General / Custom Need
Have a project-specific need that doesn't fit existing service categories? Describe your custom requirement and we'll help match you with qualified practitioners.
Sponsor and Ecosystem Impact
While our structured service categories help projects get funded and matched with expert help, some unique situations require custom solutions. This ensures no project is left behind when they have legitimate sustainability needs.
General / Custom Services Playbook
Playbook for maintainers and practitioners to collaborate on project-specific work that falls outside the defined OSS Wishlist service categories.
This playbook exists to ensure that important, real, and sometimes urgent work can still be supported even when it does not map to an existing rubric or impact model.
OSS Wishlist intentionally does not define, score, or market impact for these services.

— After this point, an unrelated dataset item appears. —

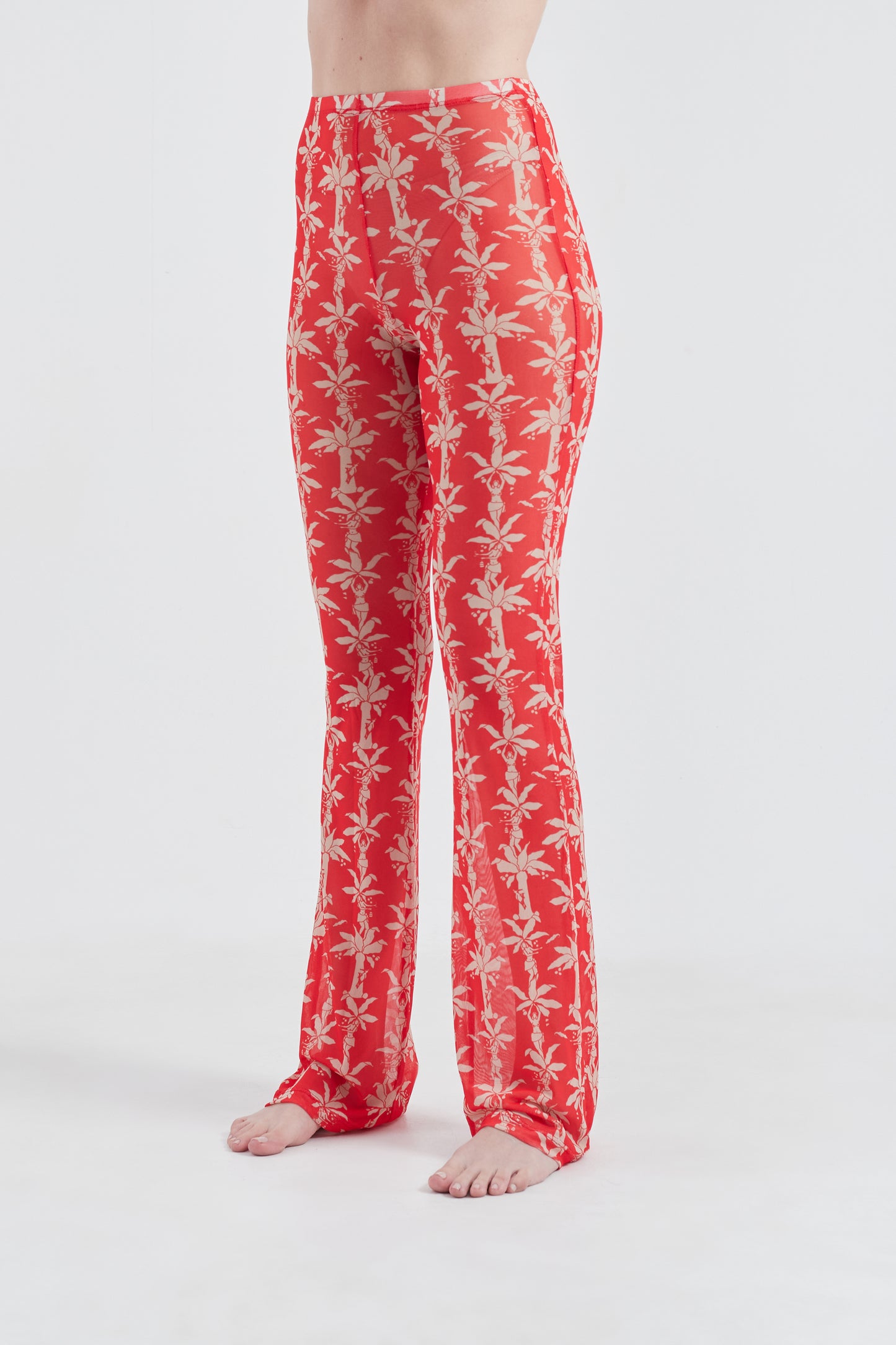 Calça Laura Fauna & Flora Red/Off White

Any impact definition or reporting belongs to the maintainer, practitioner, and any sponsoring party.
When to Use This Playbook
Use this playbook when:
- a project need does not align with an existing service rubric,
- the work is concrete and accountable (not exploratory only),
- the engagement is specific to one project’s context,
- or the service may be new, uncommon, or one-off.
Examples include (non-exhaustive):
- direct engineering contributions
- documentation or migration work
- program or project management
- release coordination
- infrastructure or tooling setup
- audits, assessments, or research
- community operations or contributor support
- bespoke advisory or implementation work
Process Milestones
Note: Some milestones may not apply in all cases.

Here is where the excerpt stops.